As this example shows, the files in each subdirectory contain all columns except the "created" column.
You can partition by more than one column, creating a layered structure. For example, adding another partitioned column, "region", to the preceding example would produce the following directory structure:
path/created=2016-11-01/region=northeast/*
path/created=2016-11-01/region=central/*
path/created=2016-11-01/region=southeast/*
path/created=2016-11-01/...
path/created=2016-11-02/region=northeast/*
path/created=2016-11-02/region=central/*
path/created=2016-11-02/region=southeast/*
path/created=2016-11-02/...
path/created=2016-11-03/...
path/...
With this change, the data files contain all columns except "created" and "region".
Note
The files must contain at least one real (not partitioned) column. You cannot partition by every column in a table.
You can create partitions for columns of any simple data type. As a best practice, however, you should avoid partitioning columns with BOOLEAN, FLOAT, and NUMERIC types.
Under some circumstances Hive writes a partition with a value of __HIVE_DEFAULT_PARTITION__. Vertica treats these values as NULL.
COPY syntax
When creating an external table from partitioned data, you must do all of the following:
-
In the column definition in the external table, if you are using strong schema matching (the default), list the partition columns last and in order.
-
In the path, use wildcards to include all of the levels of directories and files.
-
In the ORC or PARQUET statement, specify the partition columns in the hive_partition_cols parameter. (The argument name is the same even if you didn't use Hive to do the partitioning; it refers to Hive-style partitions.) When using strong schema matching, you must list the names in order.
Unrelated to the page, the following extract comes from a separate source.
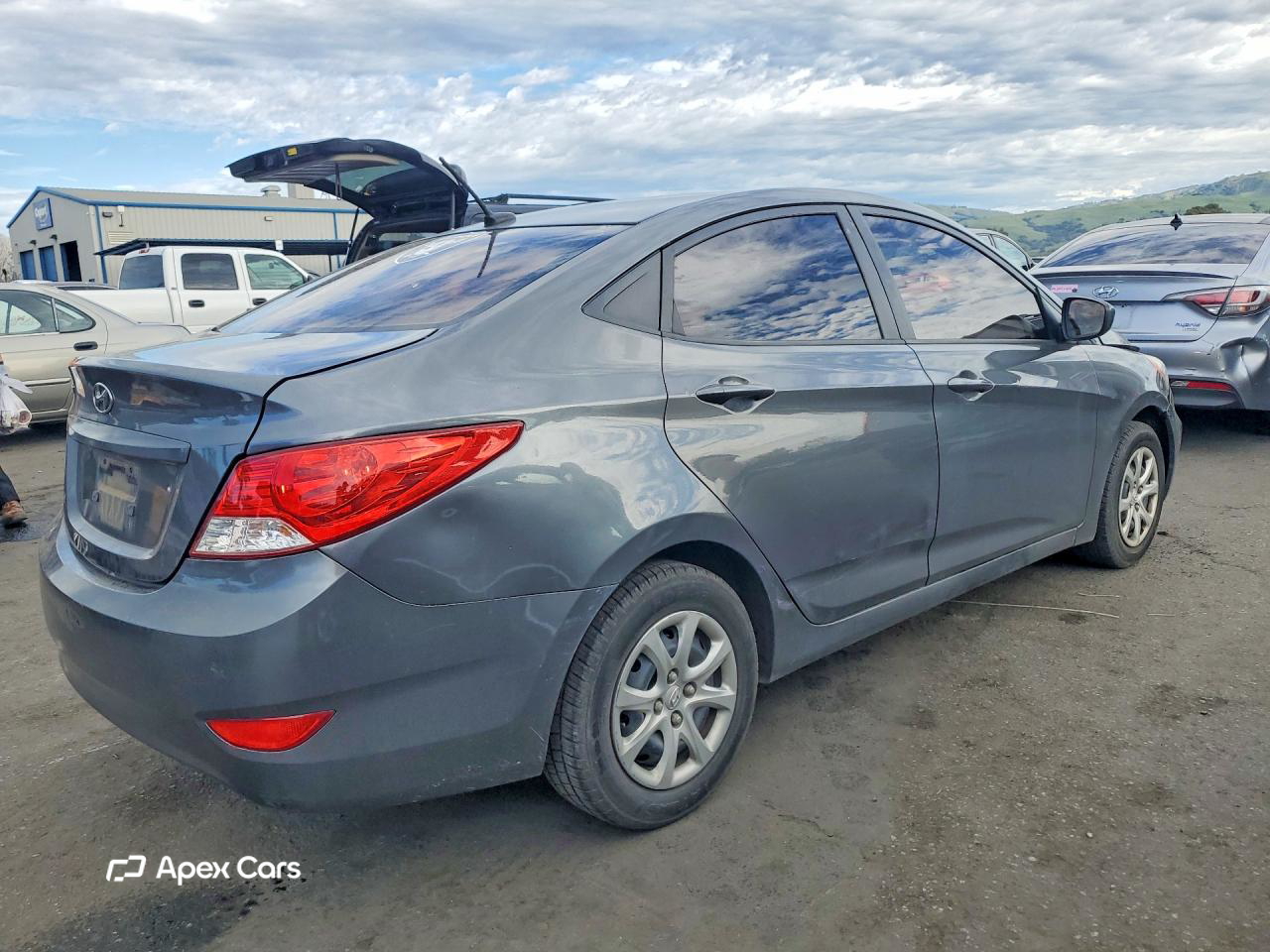 Hyundai Accent 2012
The following example creates an external table using the partitioned data shown previously. The table includes four columns. Two columns, "id" and "name", are in the data files. The other two, "created" and "region", are partitioned.
=> CREATE EXTERNAL TABLE records (id int, name varchar(50), created date, region varchar(50))
AS COPY FROM 'webhdfs:///path/*/*/*'
ORC(hive_partition_cols='created,region');
The path includes one wildcard (*) for each level of directory partitioning and then one more for the files. The number of wildcards must always be one more than the number of partitioned columns.
You do not need to include all of the partitioned columns in hive_partition_cols if those columns are not relevant for your queries. However, the partition columns must be the last columns in the table definition. For example, you can define the following table for the partitioned data shown previously:
=> CREATE EXTERNAL TABLE records (id int, name varchar(50), created date, region varchar(50))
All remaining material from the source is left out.